### TASK OBJECTIVE
A verbatim restatement of the data, free of pictures, is what you should output.

++++ ENTRIES PROVIDED ++++

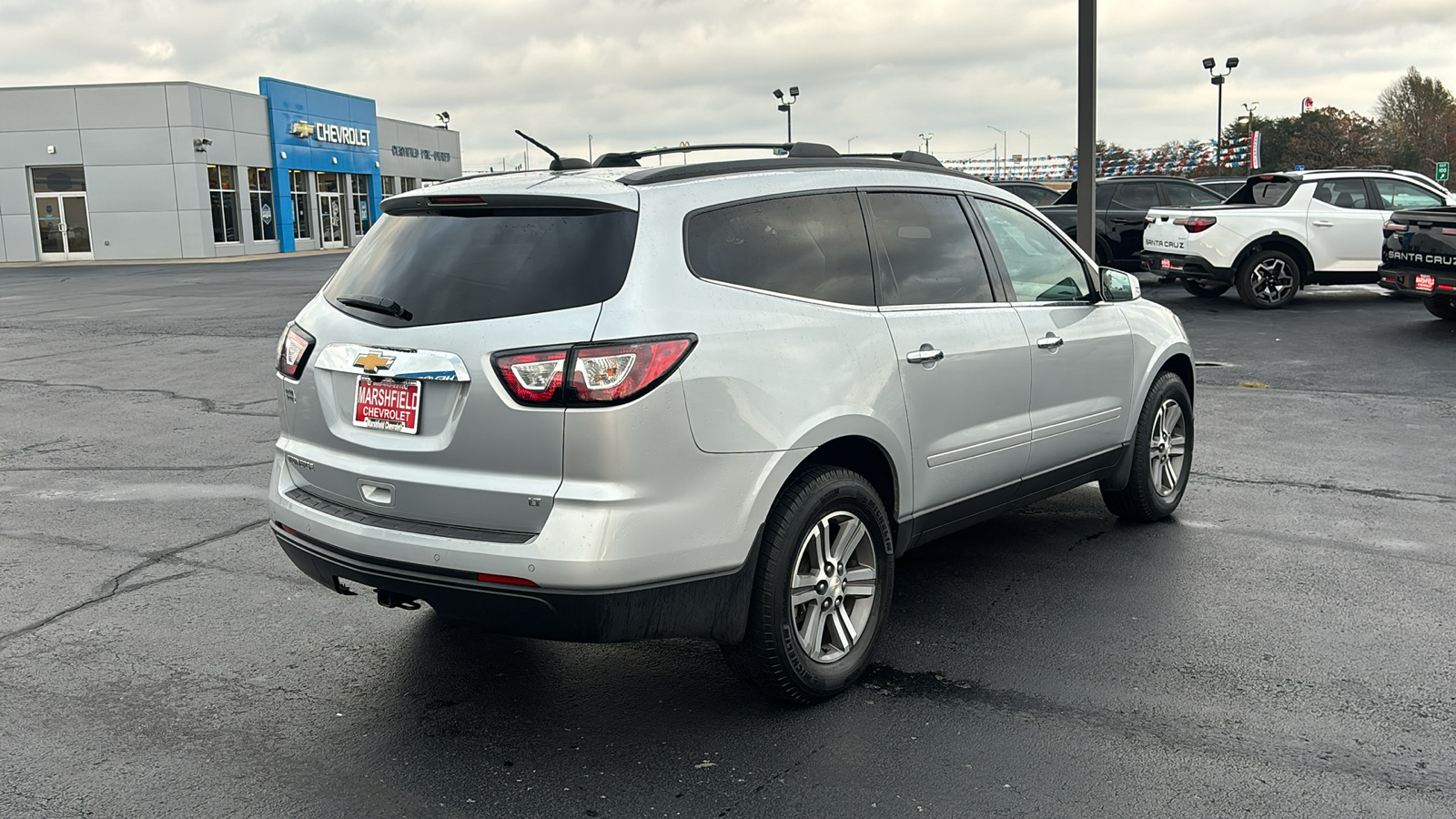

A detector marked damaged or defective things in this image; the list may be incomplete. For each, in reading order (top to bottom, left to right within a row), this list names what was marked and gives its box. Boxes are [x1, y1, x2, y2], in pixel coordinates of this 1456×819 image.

crack in asphalt [0, 376, 275, 413]
crack in asphalt [1194, 469, 1456, 500]
crack in asphalt [0, 515, 270, 643]
crack in asphalt [855, 664, 1450, 793]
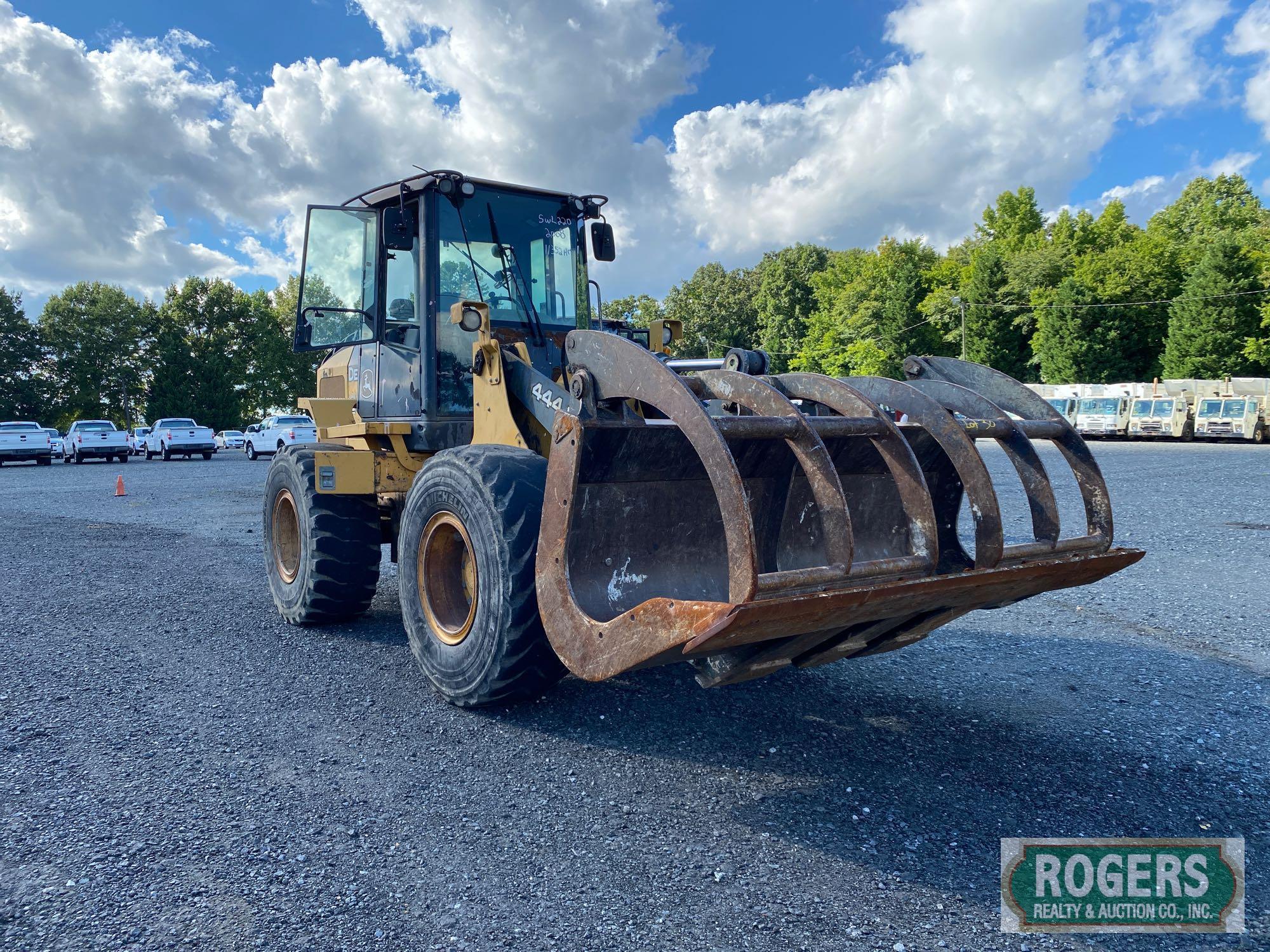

++++

### ANSWER
A detector marked damaged or defective things in this image; the list may be incomplete. For each, in reading order (top to bottom, left to right within a row), this list names what was marked and gives its box. Boxes are [x1, y1, x2, y2], in pixel coordinates of this 1456×819 image.

crack in asphalt [0, 376, 275, 413]
crack in asphalt [1194, 469, 1456, 500]
crack in asphalt [0, 515, 270, 643]
crack in asphalt [855, 664, 1450, 793]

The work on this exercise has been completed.